Recently, over dinner, we were all discussing what our favourite food was. If you could only eat one type of cuisine for the rest of your life what would it be? We’re really spoiled for choice. My middle son immediately thought of Italy. He looks forward to his Friday pizza all week and loves all sorts of pasta dishes. I adore Middle Eastern food, but at this time of year, I tend to veer towards Thai and Vietnamese dishes.
It’s the herbs for me. Mint, basil and coriander all sing in harmony on the palate. The very fine balance of sweet, salty and sour is so addictive. I love prik nam pla, a sauce made with lime juice, fish sauce, sugar, chilli and garlic. It’s incredible as a dipping sauce for meatballs, barbecued chicken or fried food as well as being great as a salad dressing.
I wanted to make a dish to show these amazing qualities to my kids. I rustled up these meatballs to show them exactly what I’m talking about.

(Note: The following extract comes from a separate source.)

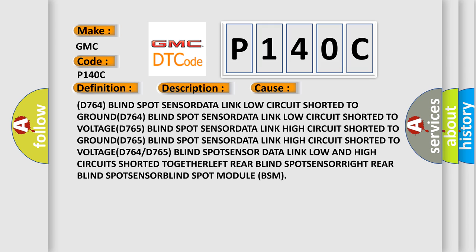D764 blind spot sensor data link low circuit shorted to ground or to voltage. D765 blind spot sensor data link high circuit shorted to ground. D765 blind spot sensor data link low and high circuit shorted together or to ground. Blind spot module BSM fault.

To my amazement, they loved them as much as I do. The meatballs are total flavour bombs with all sorts of tastes vying for your attention once you pop one in your mouth. These are now being made every week, served in rice bowls, skewered on bamboo sticks or just popped into their lunchboxes.
If you can’t find pork mince, turkey or chicken mince is also good at absorbing all of these flavours. I’ve added a little toasted sesame oil to the basic dipping sauce here to create a dressing. If you don’t have sesame oil then pour in a little of the sesame oil from the top of a jar of tahini if you have it: it’ll lend that toasted nutty flavour.
This time of year my herb bed is springing back to life. The lemon balm is bursting forth along with all sorts of mint, chives and thyme. This dish makes use of those lovely fresh, bright flavours. Herbs do so well in pots too, so if you don’t have access to a garden why not plant up a few pots. They’re so handy to have and bring so much to a dish.